= TASK DIRECTIONS =
Starting at the line that contains "飼い主さんを起こすもぐちゃん", print every remaining line of the entries, unchanged, and output nothing more.
--------------------
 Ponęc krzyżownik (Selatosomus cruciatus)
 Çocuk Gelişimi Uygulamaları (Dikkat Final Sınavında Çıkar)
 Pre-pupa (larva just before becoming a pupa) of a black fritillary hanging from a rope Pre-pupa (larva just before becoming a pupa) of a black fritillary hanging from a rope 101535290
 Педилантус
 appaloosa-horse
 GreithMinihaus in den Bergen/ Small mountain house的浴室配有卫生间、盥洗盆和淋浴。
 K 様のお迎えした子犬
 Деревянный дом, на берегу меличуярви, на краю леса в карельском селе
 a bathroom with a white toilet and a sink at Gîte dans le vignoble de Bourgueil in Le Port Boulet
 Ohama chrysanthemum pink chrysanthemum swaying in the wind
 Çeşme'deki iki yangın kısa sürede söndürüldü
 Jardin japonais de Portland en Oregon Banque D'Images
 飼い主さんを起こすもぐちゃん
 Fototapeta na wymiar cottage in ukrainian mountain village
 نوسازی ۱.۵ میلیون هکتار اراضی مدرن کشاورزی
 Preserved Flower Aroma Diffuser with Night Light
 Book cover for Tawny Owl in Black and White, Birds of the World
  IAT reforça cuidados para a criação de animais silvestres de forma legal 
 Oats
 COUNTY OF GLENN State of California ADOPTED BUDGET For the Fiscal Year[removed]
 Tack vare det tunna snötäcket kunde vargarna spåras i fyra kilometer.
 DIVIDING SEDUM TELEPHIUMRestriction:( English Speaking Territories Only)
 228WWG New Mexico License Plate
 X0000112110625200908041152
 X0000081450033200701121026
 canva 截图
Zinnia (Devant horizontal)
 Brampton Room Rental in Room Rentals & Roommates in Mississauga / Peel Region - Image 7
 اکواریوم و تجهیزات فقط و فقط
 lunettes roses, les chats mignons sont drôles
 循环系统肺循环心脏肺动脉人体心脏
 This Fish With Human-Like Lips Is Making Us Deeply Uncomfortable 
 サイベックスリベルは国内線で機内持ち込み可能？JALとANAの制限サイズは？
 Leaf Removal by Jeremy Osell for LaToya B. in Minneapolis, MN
--------------------
= EXERCISE RESPONSE =
 飼い主さんを起こすもぐちゃん
 Fototapeta na wymiar cottage in ukrainian mountain village
 نوسازی ۱.۵ میلیون هکتار اراضی مدرن کشاورزی
 Preserved Flower Aroma Diffuser with Night Light
 Book cover for Tawny Owl in Black and White, Birds of the World
  IAT reforça cuidados para a criação de animais silvestres de forma legal 
 Oats
 COUNTY OF GLENN State of California ADOPTED BUDGET For the Fiscal Year[removed]
 Tack vare det tunna snötäcket kunde vargarna spåras i fyra kilometer.
 DIVIDING SEDUM TELEPHIUMRestriction:( English Speaking Territories Only)
 228WWG New Mexico License Plate
 X0000112110625200908041152
 X0000081450033200701121026
 canva 截图
Zinnia (Devant horizontal)
 Brampton Room Rental in Room Rentals & Roommates in Mississauga / Peel Region - Image 7
 اکواریوم و تجهیزات فقط و فقط
 lunettes roses, les chats mignons sont drôles
 循环系统肺循环心脏肺动脉人体心脏
 This Fish With Human-Like Lips Is Making Us Deeply Uncomfortable 
 サイベックスリベルは国内線で機内持ち込み可能？JALとANAの制限サイズは？
 Leaf Removal by Jeremy Osell for LaToya B. in Minneapolis, MN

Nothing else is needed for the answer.